Throwing composer’s caution to the wind, Matt Welch seamlessly mixes music that ranges from Javanese/Balinese gamelan to experimental, classical, rock and improvisation — a hybrid’s hybrid.
He has performed with everyone from new-music maestros John Zorn and Alvin Lucier, to his New York/San Francisco genre-busting band of brothers, Blarvuster, who have played the world over.
Blarvuster, with Welch’s bagpipes, sax and vocals, include Will Northlich-Redmond on electric guitar (BlipVert, PAK), Ian Riggs on bass guitar (Burning Spear, Lonesome Trio) and Brian Chase on drums (Yeah Yeah Yeahs, Drums and Drones).
“My music is a lot of worlds coming together,” notes Welch via phone from San Francisco. “I mean, I obviously play the bagpipes and that is the most formal instrumental training that I have ever had,” he adds.
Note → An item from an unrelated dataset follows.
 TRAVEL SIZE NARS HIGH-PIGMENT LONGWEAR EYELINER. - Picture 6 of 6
“It was kind of hard to not lis-
ten to other things growing up in North America. People were so fastidious about the bagpipes — a music tradition that comes from somewhere else. But for me, this just opened the door to a bunch of other ways of looking at music. I look at music as kind of geography or a voyage. And that started to become interesting.
“I always yearned to improvise on bagpipes,” admits Welch. “When I first starting playing, I immediately felt there was a need to create and be involved with the idea of performing sound and creating sound at the same time but not too separate in the beginning stages of all of my instrumental studies.
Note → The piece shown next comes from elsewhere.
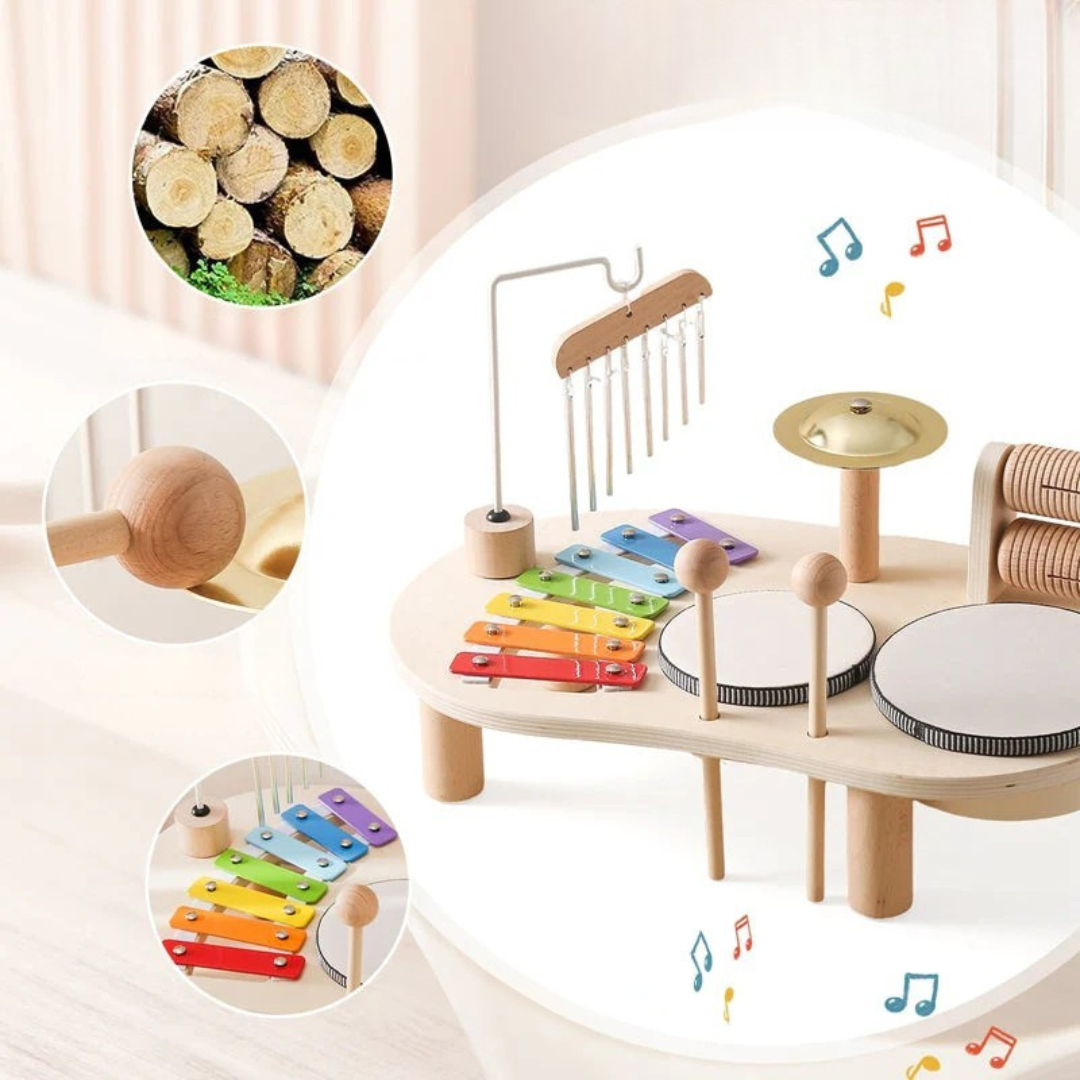 Spielzeug Musiktisch aus Holz mit Xylophon, Trommeln & Becken – KlangZauber Tisch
“That kind of study of an instrument has such a specific geography and tradition in its sound. It actually became a focal point for everything I was interested in,” says Welch.
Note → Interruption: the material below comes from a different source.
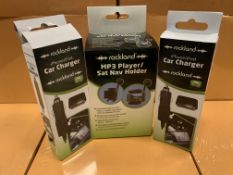 9 X BRAND NEW ROCKLAND MP3 PLAYER/ SAT NAV HOLDER AND 84 X BRAND NEW ROCKLAND MINI USB CAR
Throughout his career the acclaimed piper has studied and performed with some of the world’s best pipe players, winning global competitions galore.
Welch, who is also a teacher, continues to redefine the sound of the pipes through pioneering new techniques and compositional structures creating exciting sonic dimensions and new music soundscapes for this highly traditional instrument.
The first instrument for Welch was the accordion.
“Accordion was where I first studied instrumentation and got into the formal study of music. It was not a very large leap to move onto the bagpipes.”
Welch is originally from Massachusetts but began piping in Florida. He did his undergraduate in Vancouver at Simon Fraser University.
At SFU, Welch learned Javanese/Balinese gamelan music. Then he went to Wesleyan University in Connecticut where he studied with renowned American composer and multi-instrumentalist Anthony Braxton.
“Studying gamelan was a huge feather for my career,” notes Welch. “I think my world got even more messed up at Wesleyan with Anthony but in a good way,” he laughs. “There was a good lineage of intricate experimental music that used all sorts of combinations of traditions and minimalism — gamelan, avantgarde, free jazz, and improvisation in general. That was a great way to go to New York. I felt in New York that is where things became real. You could say I became an adult there.”
Welch also has a passion for opera and is the artistic director of Experiments in Opera. EIO has been lauded by many critics from The New York Times to Rolling Stone magazine.
Welch has been hailed as “one of 14 artists changing the future of opera.” He has boldly taken opera where no one has taken it before from “The Mutt” — based on a skateboard legend — to his most recent work, “And Here We Are,” with libretto by Daniel Neer, based on the memoirs of Welch’s great uncle Edgar Kneedler. The shadow-puppet opera, featuring four soloists and a mixed ensemble, is a 90-minute work based on traditional Javanese shadow puppetry.
“Music can be innovative or you could also have some sort of storyline or vice versa and it really became this — imagine gamelan music on bagpipes — it really creates a world out of something else and opera was the largest expression of that.”
Welch has always liked Philip Glass and cites Glass’s “Koyaanisqatsi” as his all-time favourite film. Welch arranged Glass’ 1968 composition “Two Pages” for bagpipes in honour of the piece’s 50th anniversary.
“I have mentioned this to Philip Glass once,” says Welch. “I think “Two Pages” is going to be coming out on his label. I just put it out as a sneak preview and the label really likes it so they are going to release it sometime in late November.”
When Welch was in Scotland he created a bagpipe piece called “Blues for Seraut.” He visited a Medieval abbey in Ayrshire that was built in the 1300s, immediately falling in love with the natural reverb of the space.
“I was inspired by (free jazz musician) Evan Parker’s ‘Conic Sections.’ ‘Blues for Seraut’ has to be done in a specific environment like the abbey that I was recording in. It was so reverberant that I was able to create that piece specifically there. I think at the Barrel Hall I will have a chance to present something like the reverberation that I did in Scotland,” says Welch, adding that he will be playing solo. “I will mostly be focused on compositions of mine. And I shall be doing quite a lot of stretching out and improvisations!”